Pacaembu também foi barbearia e cinema enquanto sediou hospital de campanha

Matérias Oficiais(+10% Clicks) Amélia 30/06/2020 Relatar Quero comentar

Aplausos e gritos eufóricos anunciaram que Nilza Dantas Batista, 61 anos, se aproximava do sino colocado na saída do hospital de campanha do Pacaembu, em São Paulo. Cada badalada deste sino representa uma vitória coletiva.

Dona Nilza comemora a vida, estava internada desde 22 de maio. Os profissionais de saúde celebram porque estão diante da maior calamidade sanitária de suas carreiras. Mas as altas de Nilza e Nelio di Moura Moysés, 57 anos, tiveram um significado maior.

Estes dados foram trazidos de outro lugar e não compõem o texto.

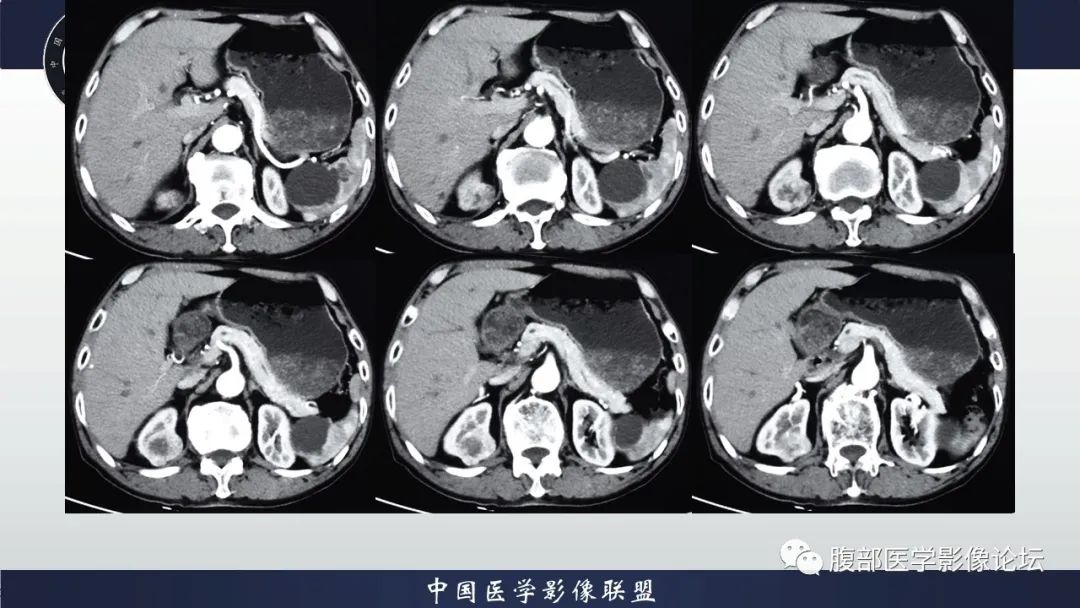 【病例】右肾嗜酸细胞腺瘤1例CT影像 【病例】右肾嗜酸细胞腺瘤1例CT影像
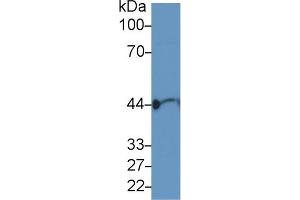 Detection of ACTG in Human Serum using Polyclonal Antibody to Gamma Actin (ACTG) (Actin, gamma 1 抗体  (AA 1-375))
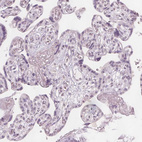 Immunohistochemical staining of human placenta shows no positivity in trophoblastic cells as expected.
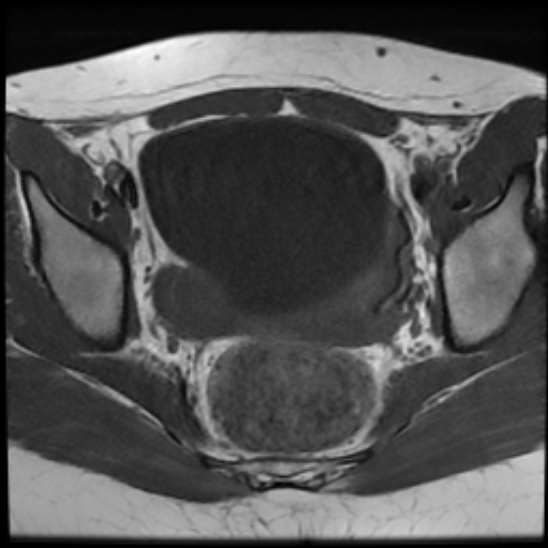 File:Bilateral ovarian fibrothecomas - adolescent (Radiopaedia 86604-102707 Axial T1 18).jpg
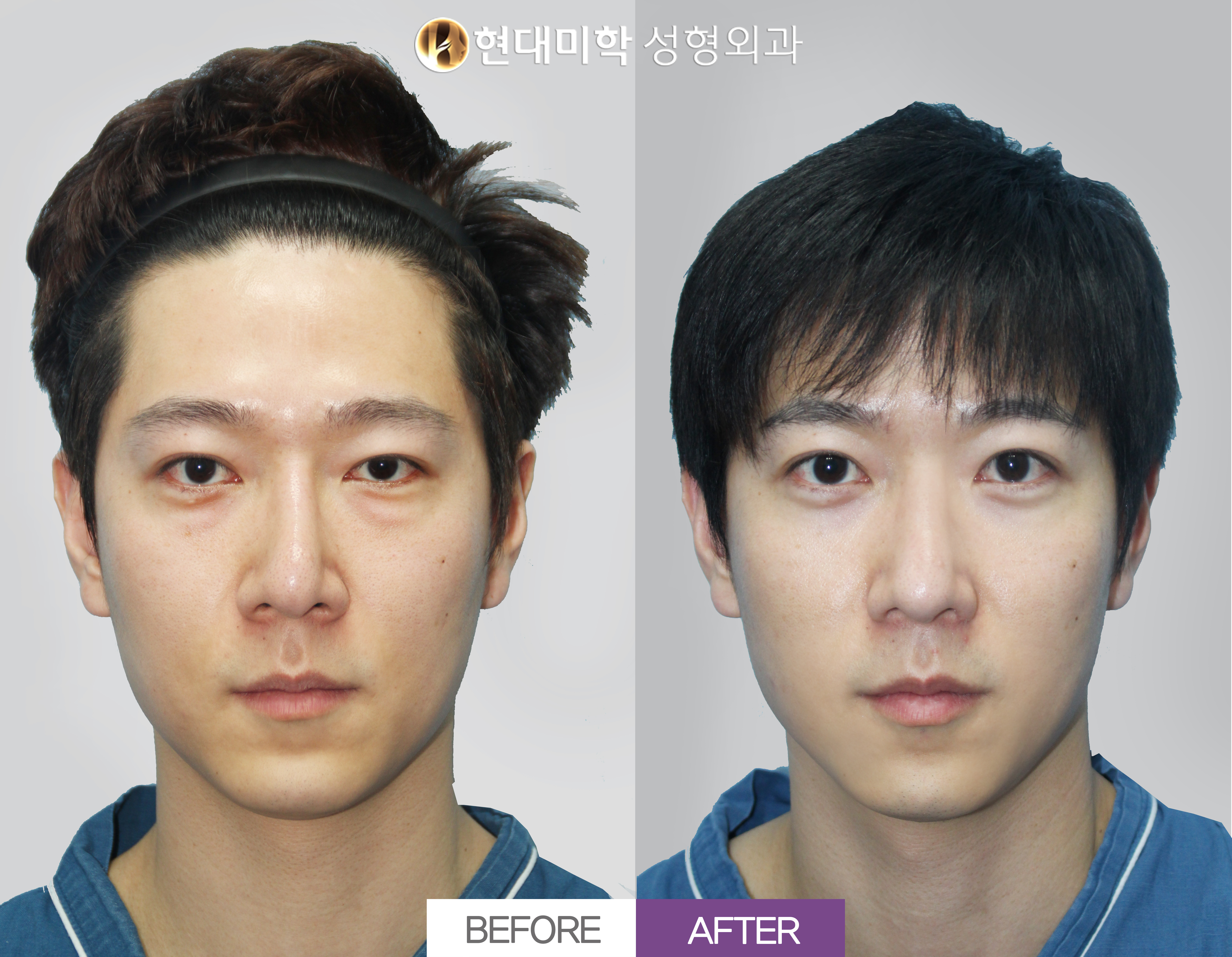 Men's Revision Rhinoplasty, 1 Month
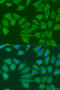 Alcohol Dehydrogenase 7 (Class IV), Mu Or Sigma Polypeptide antibody, 23-242, ProSci, Immunofluorescence image 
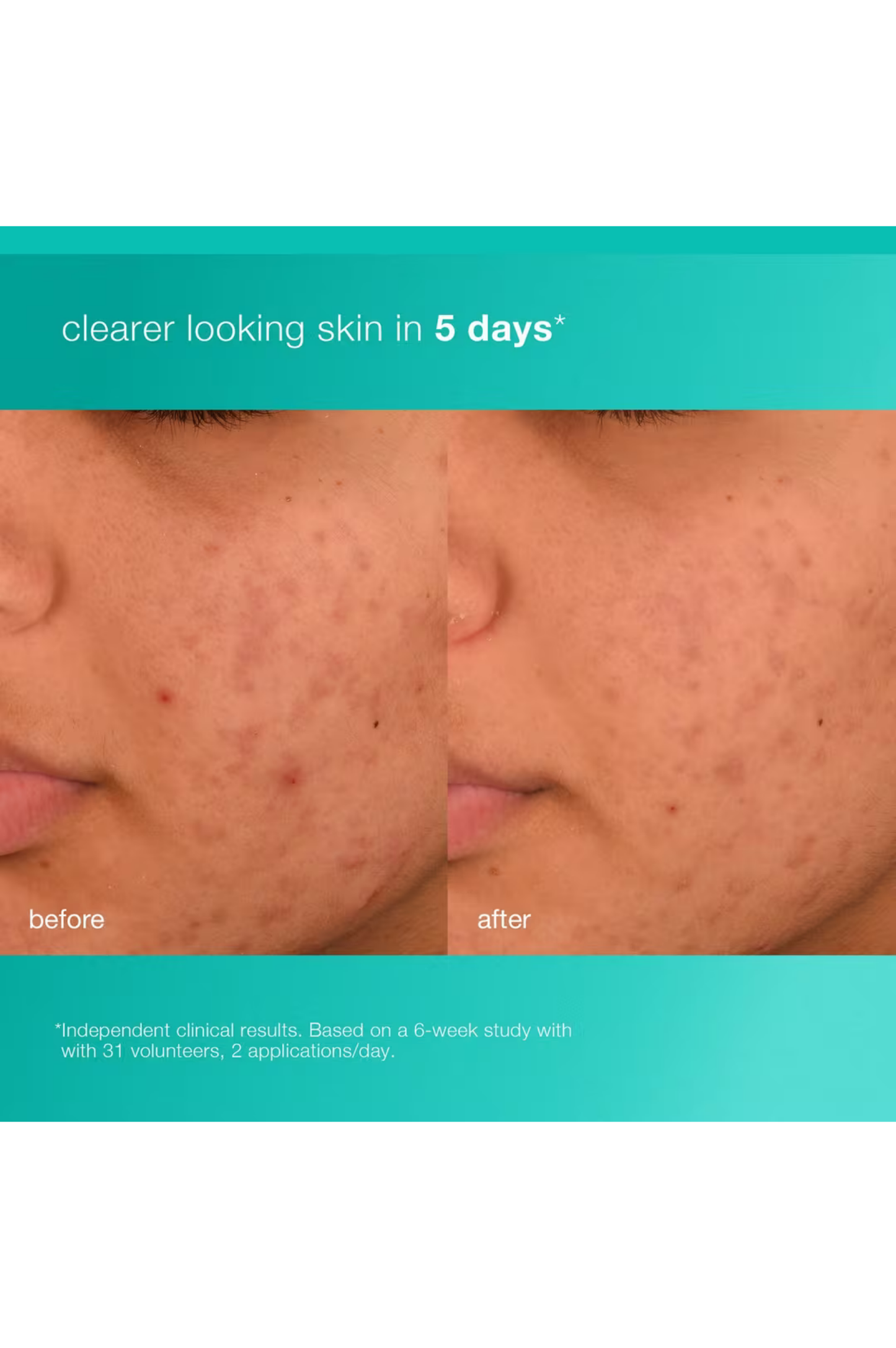 Acne Biotic Moisturizer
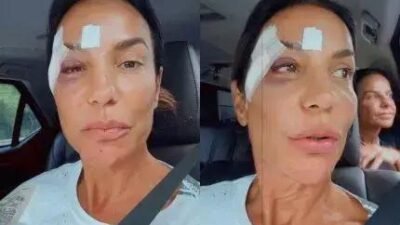 Ivete Sangalo tem alta após infecção intestinal; diz que desmaiou por síncope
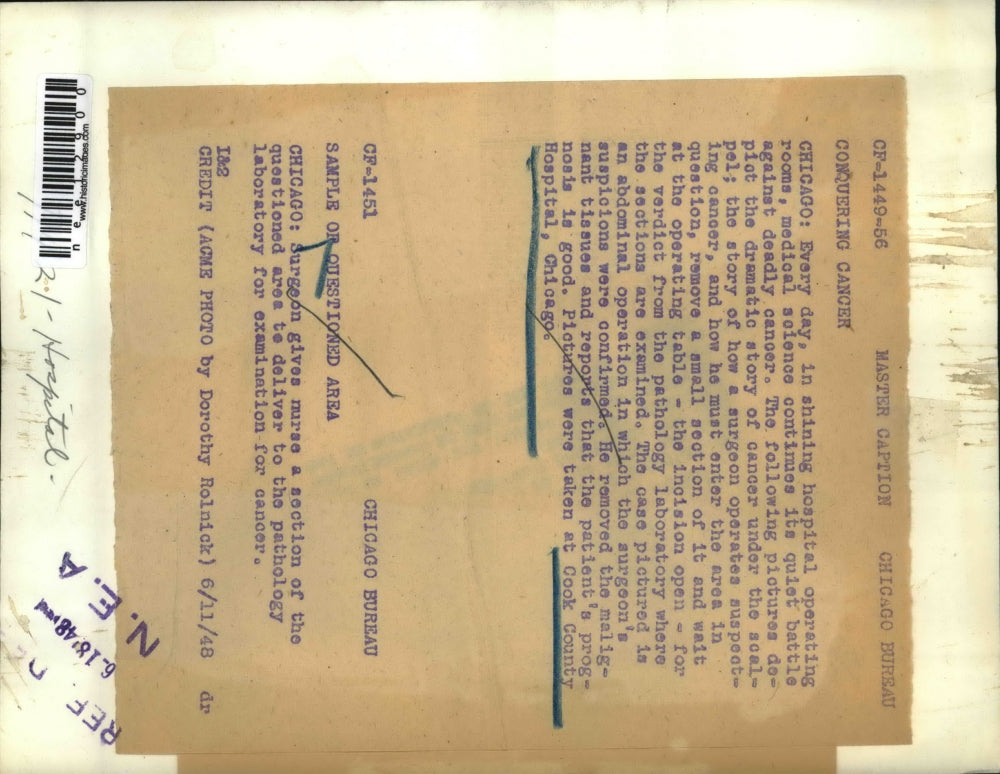 1948 Press Photo of a cancer surgery in Chicago. - nee12900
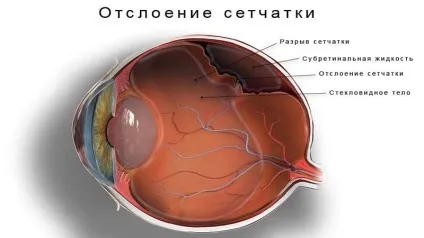 Відшарування сітківки ока що це таке, симптоми, лікування (таке) Відшарування сітківки ока що це таке, симптоми, лікування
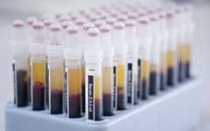 Анализ мочи на лейкоциты: какая норма и что значит повышенный уровень LEU в урине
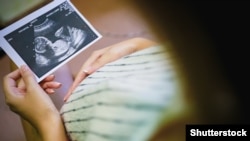 Иллюстрация.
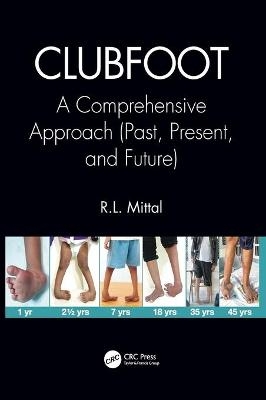 Clubfoot - R. L. Mittal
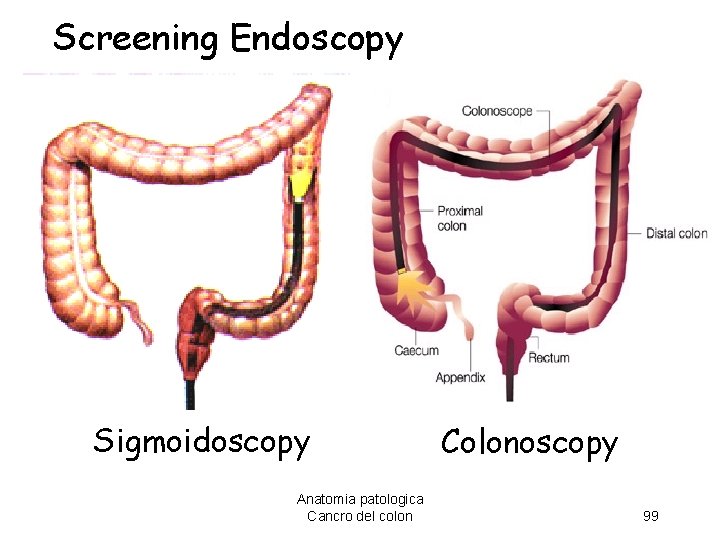Screening Endoscopy Sigmoidoscopy Anatomia patologica Cancro del colon Colonoscopy 99 
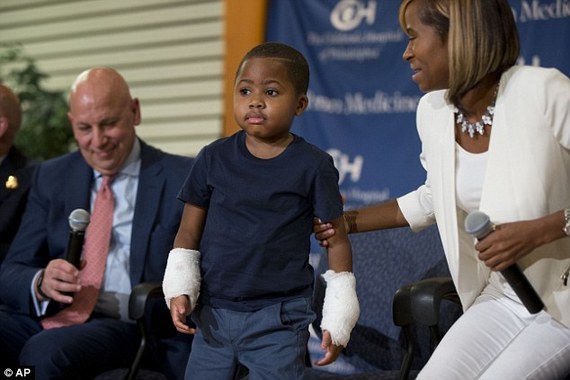 美8岁男孩成功接受移植双手手术 全球最年轻
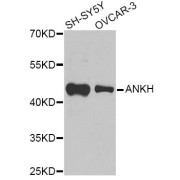 Western blot analysis of extracts of various cell lines, using ANKH Antibody (abx135825) at 1/1000 dilution.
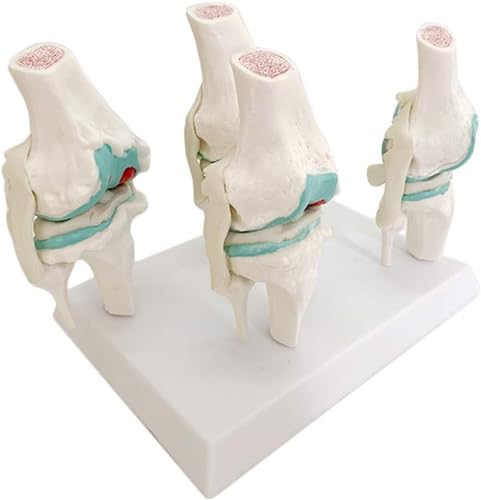 Vierstufiges Erkranktes Kniegelenkmodell, Erkranktes Kniegelenkmodell Menschliches Skelettmodell Skelett Vier Stufen Pathologischer Gelenke - Kniegelenkmodell - Medizinische Anatomie Flexibles Knie von VERIMP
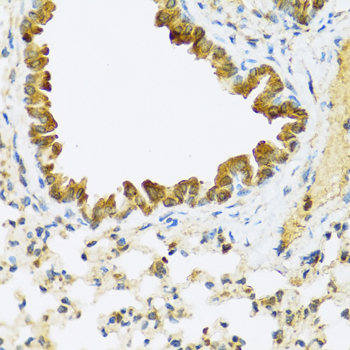 FAM20A Rabbit Polyclonal Antibody - Image 4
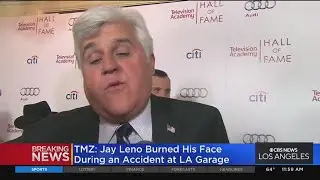 Jay Leno burned in car fire at Burbank garage: Report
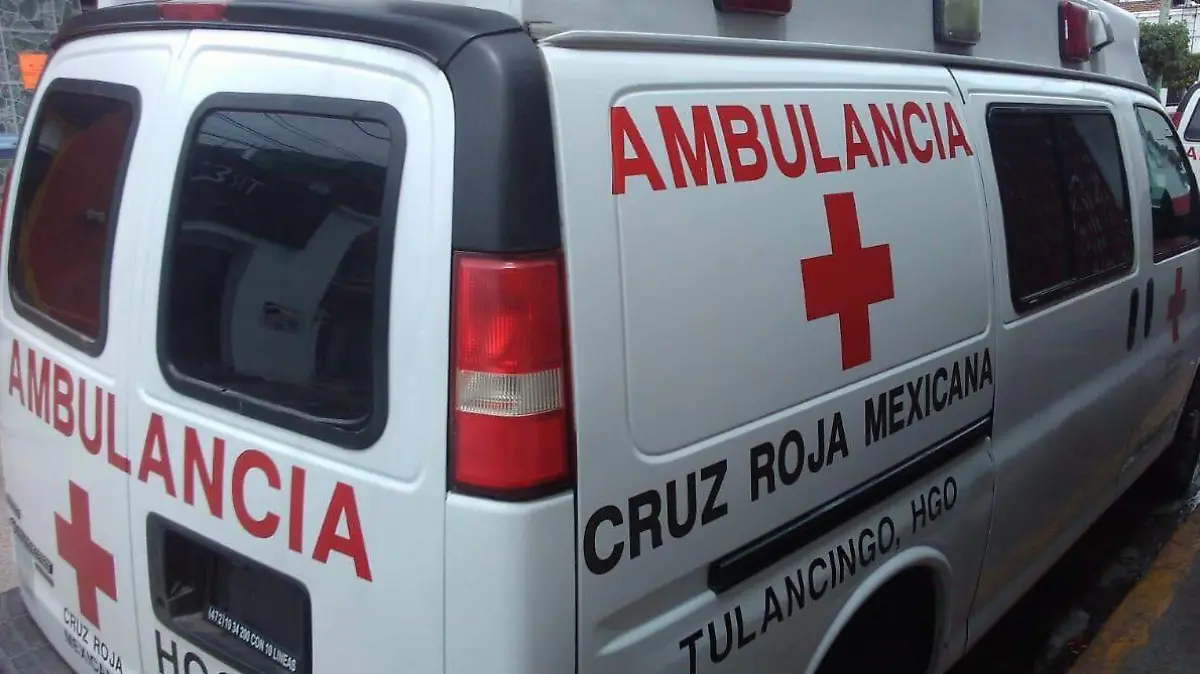 MENOR SE QUEMÓ CON AGUA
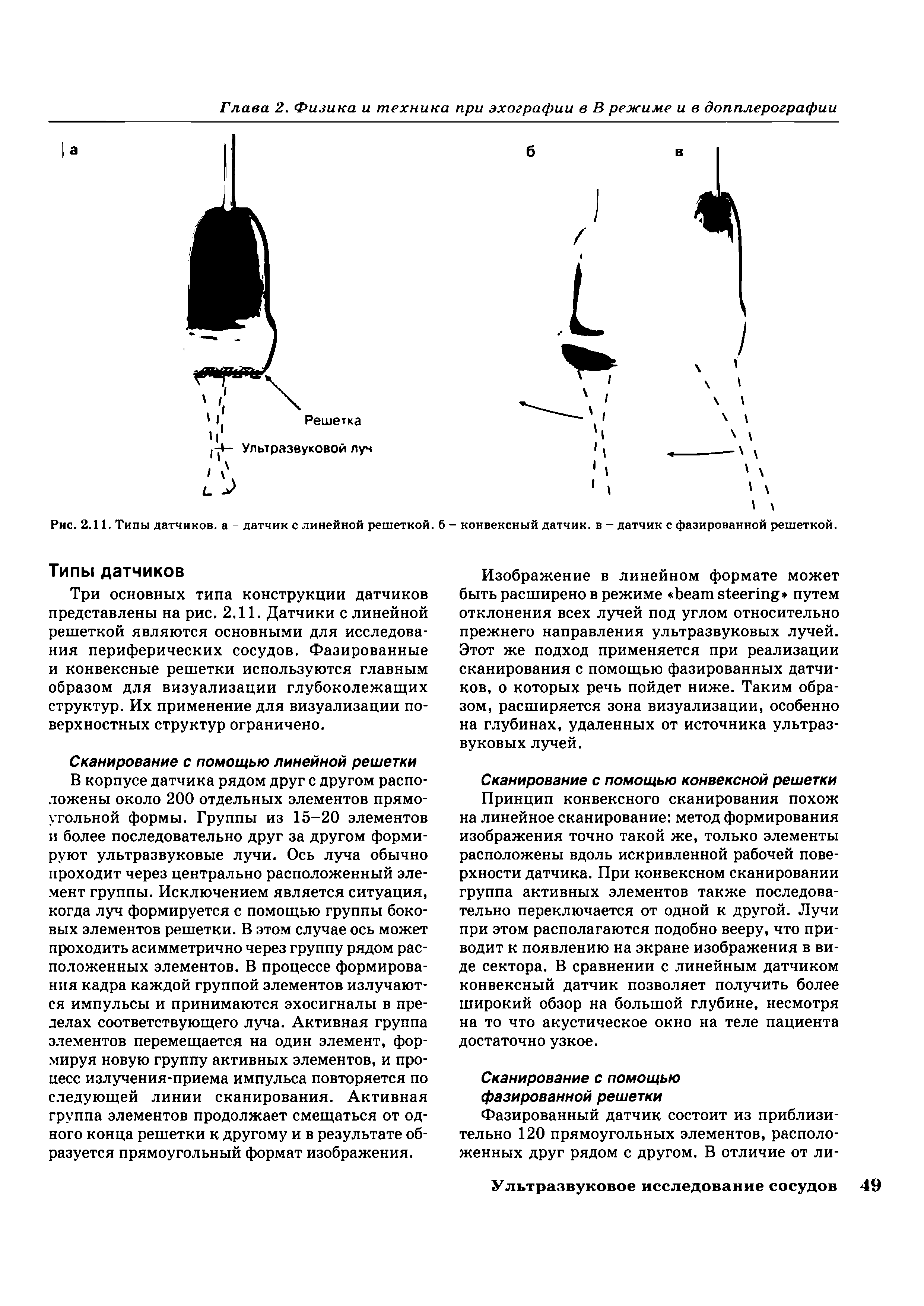 Рис. 2.11. Типы датчиков, а - датчик с линейной решеткой, б - конвексный датчик, в - датчик с фазированной решеткой.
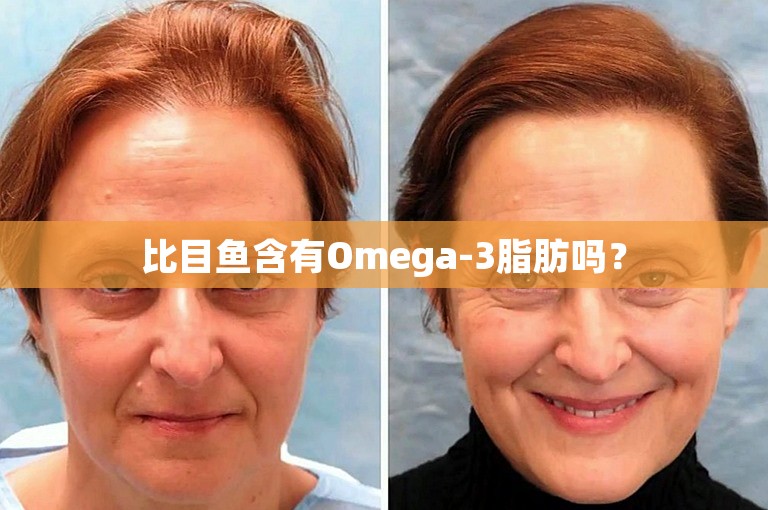 比目鱼含有Omega-3脂肪吗？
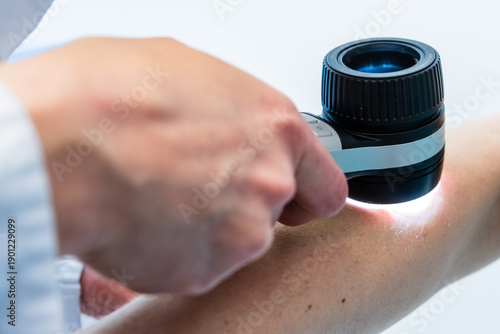 Dermatologische Untersuchung mit Dermatoskop an einem Unterarm, Düsseldorf, Deutschland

Tratava-se da liberação dos dois últimos pacientes, já que o hospital foi fechado ontem. A tenda, os leitos e os respiradores no estádio que recebeu seis jogos da Copa de 1950 é uma das imagens-símbolo da pandemia de covid-19 em São Paulo. Mas o que as pessoas não conseguem ver é o que aconteceu embaixo da lona.

O abatimento de médicos e enfermeiros com a perda de um paciente. Ninguém fica sabendo da mobilização para evitar que esta pessoa, que vivia na rua, fosse enterrada como indigente. A calamidade que aflora o pior do ser humano em muitos momentos, despertou os melhores sentimentos no Pacaembu.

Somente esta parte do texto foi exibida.